Allmer gli mostrò le indicazioni della fotocellula. «Il portello è aperto, e la fornace è molto luminosa. Vi consiglio di chiuderlo, anche se questo impedirà l’ingresso dell’atmosfera esterna. Una luce come quella, a una tale distanza dal terreno, dev’essere visibile per decine di chilometri.»

«Non ci avevo pensato» disse Ken, stupito di non averlo fatto. Rifletté per qualche istante, poi disse: «Sì, chiudiamo il portello. Conosciamo la misura della pressione. Se si abbassa, vuol dire che il nostro campione reagisce con l’atmosfera.»

«Giusto» commentò Allmer, facendo scattare la levetta che chiudeva il portello. Attese in silenzio che Ken azionasse i comandi. Priva dello sfogo costituito dall’apertura, da cui usciva gran parte del calore prodotto, la temperatura all’interno del compartimento cominciò a salire: Ken si aspettava che salisse anche la pressione, ma vide con piacere che, invece, scendeva. Per controllare la sua ipotesi, ordinò ad Allmer di aprire il portello per poi richiuderlo immediatamente, e il risultato confermò le sue aspettative: la pressione ritornò al valore precedente, poi riprese ad abbassarsi. A quanto pareva, il titanio si combinava con qualche componente gassoso dell’atmosfera circostante, anche se la reazione non avveniva in modo sufficientemente violento perché la si potesse definire una combustione.

«Se siamo abbastanza lontani dal centro del raggio emesso dal radiofaro, scendiamo pure sulla superficie» disse infine l’investigatore. «Vorrei conoscere la percentuale di atmosfera che reagisce in questo modo, e perché la misura sia attendibile devo partire dalla massima pressione atmosferica disponibile.»

Feth Allmer gli rivolse l’equivalente di un cenno d’assenso.

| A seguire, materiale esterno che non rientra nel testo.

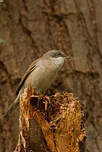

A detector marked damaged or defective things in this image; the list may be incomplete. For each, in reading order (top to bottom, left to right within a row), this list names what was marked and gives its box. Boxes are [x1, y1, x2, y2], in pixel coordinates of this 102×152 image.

splintered wood [14, 88, 85, 151]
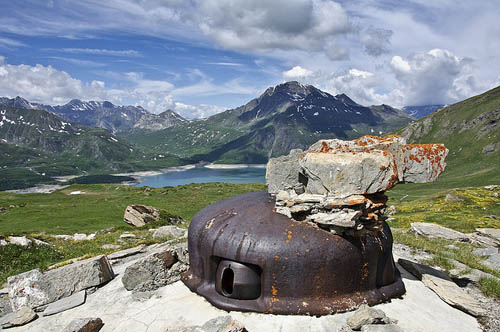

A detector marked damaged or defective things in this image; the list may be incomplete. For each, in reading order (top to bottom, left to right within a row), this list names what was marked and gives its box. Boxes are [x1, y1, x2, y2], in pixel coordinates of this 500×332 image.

rusty metal cupola [182, 134, 448, 314]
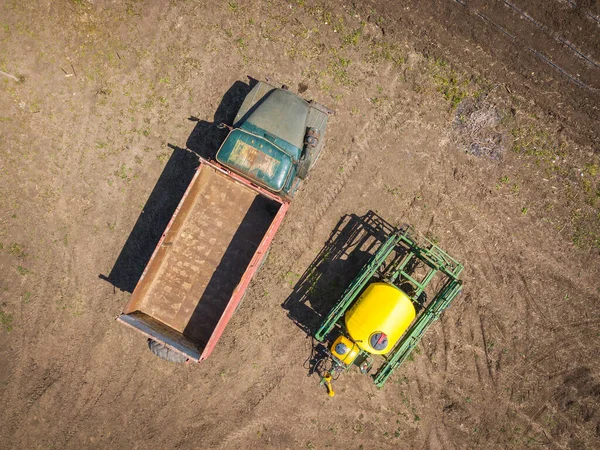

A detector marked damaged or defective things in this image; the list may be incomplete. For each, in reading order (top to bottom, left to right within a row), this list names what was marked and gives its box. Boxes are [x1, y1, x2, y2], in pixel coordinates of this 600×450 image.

rusty cargo bed floor [128, 165, 276, 344]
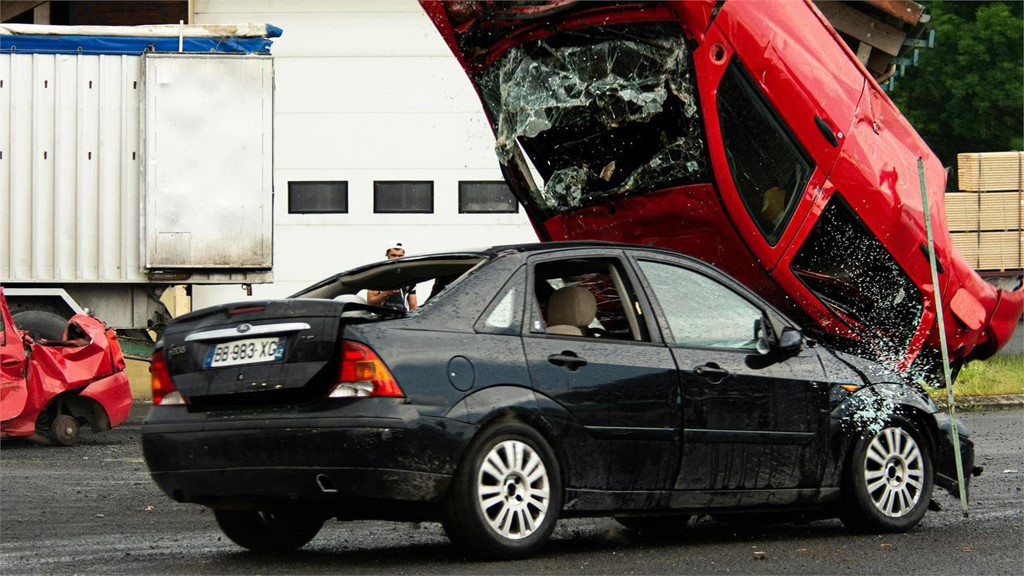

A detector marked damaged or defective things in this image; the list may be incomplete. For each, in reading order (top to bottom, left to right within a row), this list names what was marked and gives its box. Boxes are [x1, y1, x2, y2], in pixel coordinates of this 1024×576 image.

shattered windshield [478, 24, 704, 218]
broken glass [478, 24, 704, 218]
wrecked red hatchback [420, 0, 1020, 380]
crushed red vehicle [418, 1, 1024, 382]
wrecked red hatchback [0, 286, 132, 446]
crushed red vehicle [0, 286, 134, 446]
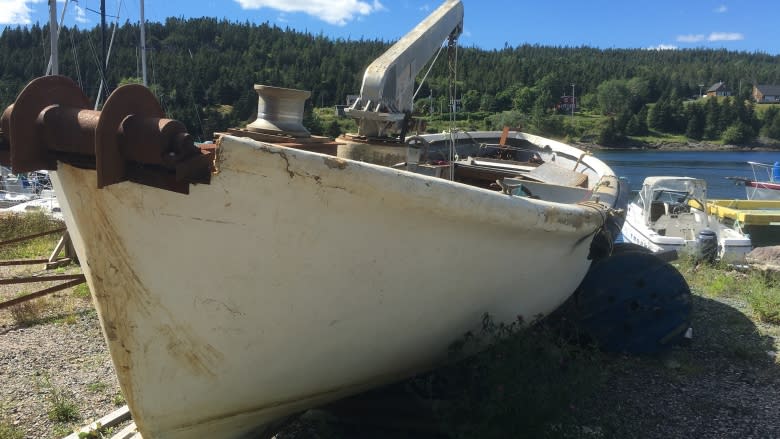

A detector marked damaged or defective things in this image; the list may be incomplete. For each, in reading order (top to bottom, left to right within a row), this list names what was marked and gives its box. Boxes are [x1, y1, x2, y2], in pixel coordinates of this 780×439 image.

rusty metal bracket [0, 76, 213, 193]
rusted metal fitting [2, 76, 213, 194]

«Siamo a circa tre chilometri dal centro» disse. «Posso scendere dove volete. Preferite che il portello sia chiuso o aperto?»

«Chiuso» rispose Ken. «Lasciamo che il campione si raffreddi un poco. In questo modo, dopo l’atterraggio, potremo ritornare alla pressione normale senza consumare tutto il nostro campione. Poi lo riscalderò di nuovo, con il portello chiuso, e misurerò la quantità d’aria consumata.»

Feth gli rivolse un cenno d’assenso; si udì un debole fischio quando la sonda cominciò a scendere in caduta libera. Come le altre che l’avevano preceduta, anche quella aveva microfono e altoparlante, e Allmer non si era preso la briga di toglierli. Sei chilometri, cinque, quattro, tre, due, uno… con indifferenza, il meccanico arrestò la discesa quando l’altimetro indicò cinquanta metri, e da quel momento in poi fece scendere la sonda a velocità molto ridotta, con grande cautela. A un certo punto, indicò con la punta del tentacolo un altro quadrante, e Ken, dopo qualche istante, capì cosa intendesse dire. La sonda era già giunta a un livello più basso di quello del radiofaro.